DATASET EXTRACT:
================================

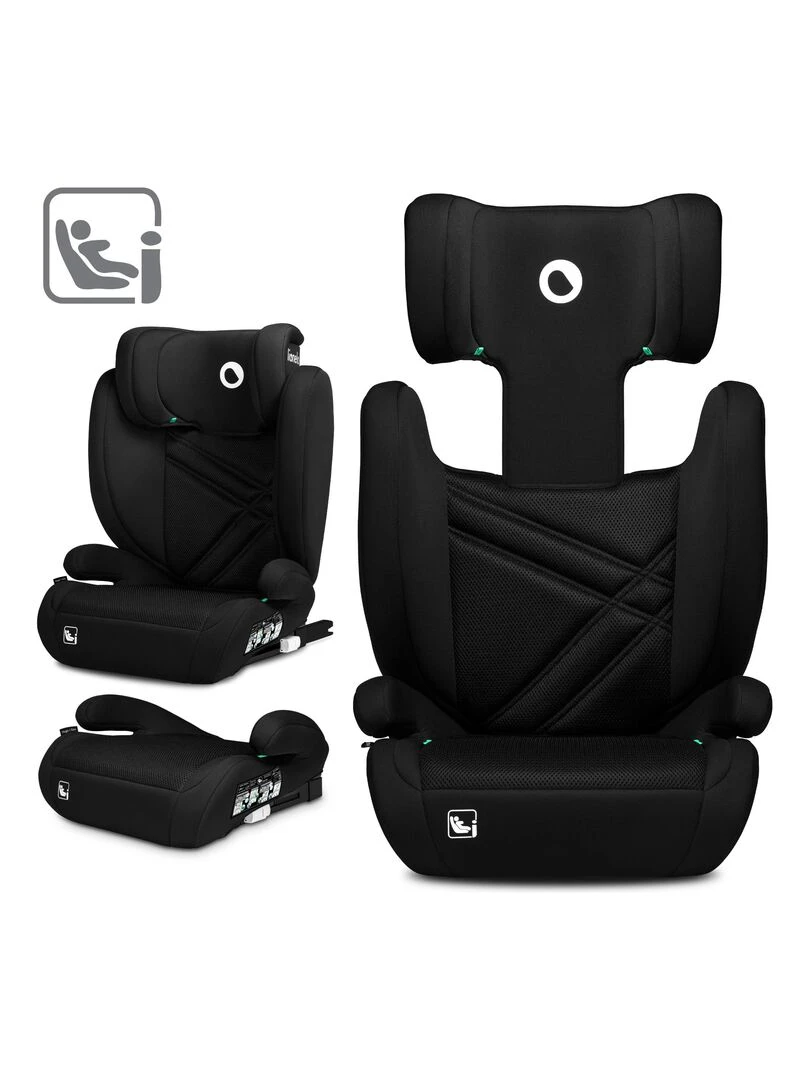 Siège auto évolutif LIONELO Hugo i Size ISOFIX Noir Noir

================================

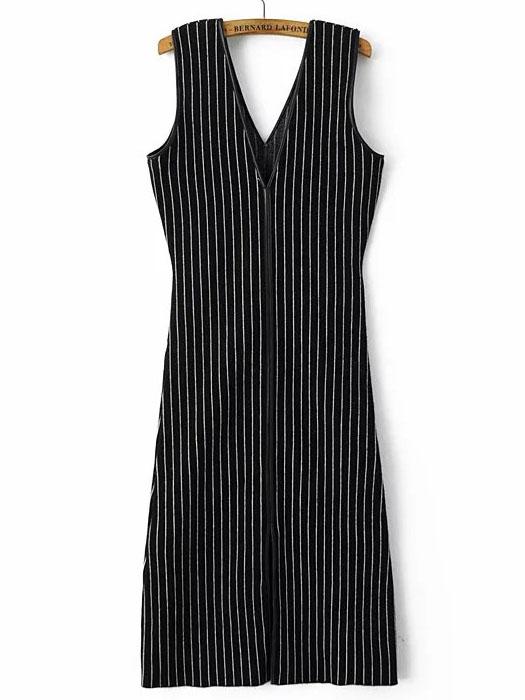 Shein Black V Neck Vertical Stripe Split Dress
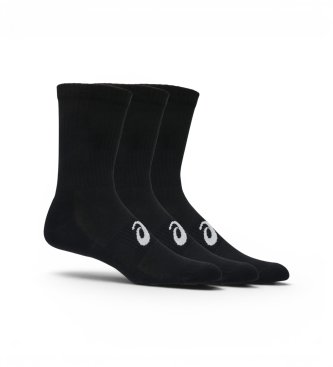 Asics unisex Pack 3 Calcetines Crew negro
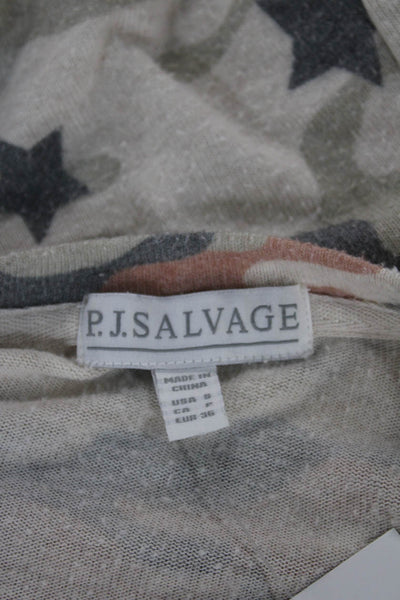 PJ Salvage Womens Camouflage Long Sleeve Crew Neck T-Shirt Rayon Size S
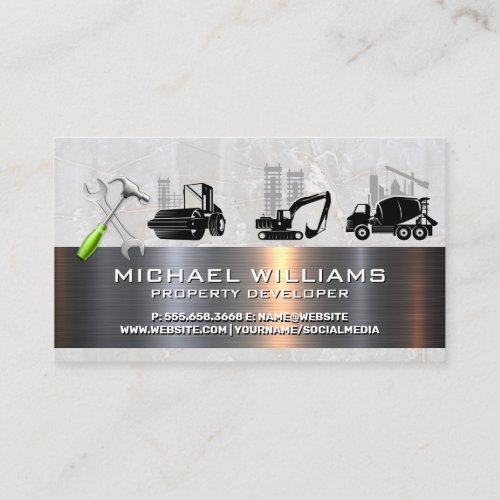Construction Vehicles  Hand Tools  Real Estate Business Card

================================

WHAT YOU WILL DO: In the listing above, find the line containing "PJ Salvage Womens" and the line containing "Estate Business Card". Print those two lines and every line between them exactly, with no pictures.

RESULT FOR THIS EXERCISE:
 PJ Salvage Womens Camouflage Long Sleeve Crew Neck T-Shirt Rayon Size S
Construction Vehicles  Hand Tools  Real Estate Business Card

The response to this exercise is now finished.